***** Material to process *****

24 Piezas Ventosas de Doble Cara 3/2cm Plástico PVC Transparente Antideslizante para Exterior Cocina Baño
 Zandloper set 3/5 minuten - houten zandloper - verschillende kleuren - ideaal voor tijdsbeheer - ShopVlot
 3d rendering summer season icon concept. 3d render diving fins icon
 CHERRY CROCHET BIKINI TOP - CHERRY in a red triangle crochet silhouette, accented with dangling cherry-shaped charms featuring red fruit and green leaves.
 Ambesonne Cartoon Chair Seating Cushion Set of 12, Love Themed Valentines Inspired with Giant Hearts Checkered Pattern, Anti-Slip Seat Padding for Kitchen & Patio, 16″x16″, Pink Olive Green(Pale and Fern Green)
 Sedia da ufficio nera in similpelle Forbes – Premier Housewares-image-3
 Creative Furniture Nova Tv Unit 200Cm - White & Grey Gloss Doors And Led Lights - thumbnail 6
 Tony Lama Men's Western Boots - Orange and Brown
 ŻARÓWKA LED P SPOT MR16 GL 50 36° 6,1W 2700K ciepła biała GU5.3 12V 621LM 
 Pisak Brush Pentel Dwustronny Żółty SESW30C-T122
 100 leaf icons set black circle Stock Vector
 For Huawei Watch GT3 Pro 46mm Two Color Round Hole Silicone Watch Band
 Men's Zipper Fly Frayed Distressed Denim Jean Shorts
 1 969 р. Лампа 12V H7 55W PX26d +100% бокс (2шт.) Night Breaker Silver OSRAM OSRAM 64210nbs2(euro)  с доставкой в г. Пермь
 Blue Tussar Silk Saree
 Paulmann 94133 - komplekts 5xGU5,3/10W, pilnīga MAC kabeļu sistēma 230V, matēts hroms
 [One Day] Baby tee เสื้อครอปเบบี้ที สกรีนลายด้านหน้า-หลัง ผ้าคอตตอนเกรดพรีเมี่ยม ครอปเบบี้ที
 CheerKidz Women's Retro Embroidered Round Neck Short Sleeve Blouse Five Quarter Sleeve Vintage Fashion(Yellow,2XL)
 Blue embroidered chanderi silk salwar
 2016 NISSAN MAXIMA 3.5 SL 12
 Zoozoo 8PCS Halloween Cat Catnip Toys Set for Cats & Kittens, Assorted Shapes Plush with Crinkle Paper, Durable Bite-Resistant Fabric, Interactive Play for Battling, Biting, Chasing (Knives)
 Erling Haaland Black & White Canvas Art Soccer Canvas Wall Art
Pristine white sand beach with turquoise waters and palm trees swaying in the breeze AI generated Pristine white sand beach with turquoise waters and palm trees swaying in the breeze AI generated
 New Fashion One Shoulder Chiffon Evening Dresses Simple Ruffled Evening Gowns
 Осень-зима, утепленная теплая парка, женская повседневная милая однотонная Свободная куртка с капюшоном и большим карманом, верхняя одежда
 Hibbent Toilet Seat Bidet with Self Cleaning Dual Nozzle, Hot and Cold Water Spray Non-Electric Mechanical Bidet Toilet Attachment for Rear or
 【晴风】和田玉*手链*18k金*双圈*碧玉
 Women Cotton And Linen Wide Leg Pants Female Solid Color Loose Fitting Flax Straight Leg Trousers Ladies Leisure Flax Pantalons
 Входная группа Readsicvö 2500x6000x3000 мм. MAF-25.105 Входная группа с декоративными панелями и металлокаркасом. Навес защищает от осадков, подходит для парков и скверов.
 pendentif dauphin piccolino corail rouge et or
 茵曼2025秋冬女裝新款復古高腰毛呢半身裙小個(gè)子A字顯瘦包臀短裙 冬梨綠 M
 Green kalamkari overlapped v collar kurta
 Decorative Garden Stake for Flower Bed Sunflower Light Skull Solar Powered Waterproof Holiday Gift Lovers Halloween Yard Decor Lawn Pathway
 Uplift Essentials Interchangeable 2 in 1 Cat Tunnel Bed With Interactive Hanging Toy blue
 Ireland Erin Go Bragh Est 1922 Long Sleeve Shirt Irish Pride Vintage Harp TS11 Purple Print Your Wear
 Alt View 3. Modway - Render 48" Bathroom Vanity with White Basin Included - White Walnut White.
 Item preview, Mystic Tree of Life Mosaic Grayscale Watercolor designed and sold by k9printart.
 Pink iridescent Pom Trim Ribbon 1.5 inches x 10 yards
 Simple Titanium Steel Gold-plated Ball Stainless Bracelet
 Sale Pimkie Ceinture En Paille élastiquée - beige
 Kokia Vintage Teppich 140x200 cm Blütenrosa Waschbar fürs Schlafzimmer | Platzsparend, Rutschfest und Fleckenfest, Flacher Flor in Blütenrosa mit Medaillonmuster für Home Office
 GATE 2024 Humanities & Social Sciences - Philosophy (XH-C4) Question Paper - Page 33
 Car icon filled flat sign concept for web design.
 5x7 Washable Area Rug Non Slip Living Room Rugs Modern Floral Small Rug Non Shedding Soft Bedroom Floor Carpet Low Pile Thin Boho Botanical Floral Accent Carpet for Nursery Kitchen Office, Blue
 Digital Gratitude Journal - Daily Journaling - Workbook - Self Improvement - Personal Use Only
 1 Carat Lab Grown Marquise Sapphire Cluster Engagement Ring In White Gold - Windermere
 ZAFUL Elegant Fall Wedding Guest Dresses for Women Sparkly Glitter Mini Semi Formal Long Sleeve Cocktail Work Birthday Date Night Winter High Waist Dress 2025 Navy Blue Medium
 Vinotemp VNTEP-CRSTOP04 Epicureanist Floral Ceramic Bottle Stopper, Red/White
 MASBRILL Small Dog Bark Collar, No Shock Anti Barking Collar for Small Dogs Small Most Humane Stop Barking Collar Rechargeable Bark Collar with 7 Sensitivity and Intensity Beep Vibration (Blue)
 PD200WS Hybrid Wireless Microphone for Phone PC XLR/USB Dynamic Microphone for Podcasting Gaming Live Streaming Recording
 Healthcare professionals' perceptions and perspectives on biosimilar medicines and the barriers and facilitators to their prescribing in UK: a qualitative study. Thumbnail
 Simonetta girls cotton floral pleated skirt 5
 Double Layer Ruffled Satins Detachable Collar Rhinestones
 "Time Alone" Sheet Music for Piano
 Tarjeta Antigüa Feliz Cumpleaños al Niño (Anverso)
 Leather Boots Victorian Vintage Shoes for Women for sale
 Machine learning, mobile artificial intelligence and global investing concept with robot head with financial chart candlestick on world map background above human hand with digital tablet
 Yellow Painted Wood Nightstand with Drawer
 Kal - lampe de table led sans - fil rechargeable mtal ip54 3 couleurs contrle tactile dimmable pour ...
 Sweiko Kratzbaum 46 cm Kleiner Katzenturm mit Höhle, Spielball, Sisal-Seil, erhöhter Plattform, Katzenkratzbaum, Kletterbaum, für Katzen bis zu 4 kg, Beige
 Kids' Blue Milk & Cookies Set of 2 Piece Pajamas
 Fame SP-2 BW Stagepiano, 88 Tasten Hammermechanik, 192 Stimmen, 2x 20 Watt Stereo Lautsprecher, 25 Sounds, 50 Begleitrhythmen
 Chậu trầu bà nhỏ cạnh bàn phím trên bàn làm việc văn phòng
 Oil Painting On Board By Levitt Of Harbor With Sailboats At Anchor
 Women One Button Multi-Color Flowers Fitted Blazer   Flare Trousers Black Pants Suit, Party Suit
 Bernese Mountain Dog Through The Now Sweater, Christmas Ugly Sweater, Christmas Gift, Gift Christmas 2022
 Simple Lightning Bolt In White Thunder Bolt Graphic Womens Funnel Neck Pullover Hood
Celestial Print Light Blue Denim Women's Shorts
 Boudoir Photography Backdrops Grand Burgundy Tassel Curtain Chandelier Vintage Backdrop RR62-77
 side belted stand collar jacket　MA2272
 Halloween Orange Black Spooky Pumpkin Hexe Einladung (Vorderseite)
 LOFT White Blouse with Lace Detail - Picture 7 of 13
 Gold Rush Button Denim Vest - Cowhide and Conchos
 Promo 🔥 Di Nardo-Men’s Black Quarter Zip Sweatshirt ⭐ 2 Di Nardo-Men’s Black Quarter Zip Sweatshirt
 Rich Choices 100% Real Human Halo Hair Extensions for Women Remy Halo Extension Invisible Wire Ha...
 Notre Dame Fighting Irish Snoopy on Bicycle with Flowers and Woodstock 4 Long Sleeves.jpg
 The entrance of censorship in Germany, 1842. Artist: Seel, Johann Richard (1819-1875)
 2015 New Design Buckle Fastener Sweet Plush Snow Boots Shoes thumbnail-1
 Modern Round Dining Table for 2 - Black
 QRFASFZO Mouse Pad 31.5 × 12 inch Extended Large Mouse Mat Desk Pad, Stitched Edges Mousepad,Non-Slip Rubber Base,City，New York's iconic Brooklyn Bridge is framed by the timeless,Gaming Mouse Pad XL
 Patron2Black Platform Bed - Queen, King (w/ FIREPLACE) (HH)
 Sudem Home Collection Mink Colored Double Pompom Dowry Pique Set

*****

● **Task prompt**: Write out again only the lines from the one with "QRFASFZO Mouse Pad" through the last line of the records above. Keep every word as it stands.

● **Task solution**:
 QRFASFZO Mouse Pad 31.5 × 12 inch Extended Large Mouse Mat Desk Pad, Stitched Edges Mousepad,Non-Slip Rubber Base,City，New York's iconic Brooklyn Bridge is framed by the timeless,Gaming Mouse Pad XL
 Patron2Black Platform Bed - Queen, King (w/ FIREPLACE) (HH)
 Sudem Home Collection Mink Colored Double Pompom Dowry Pique Set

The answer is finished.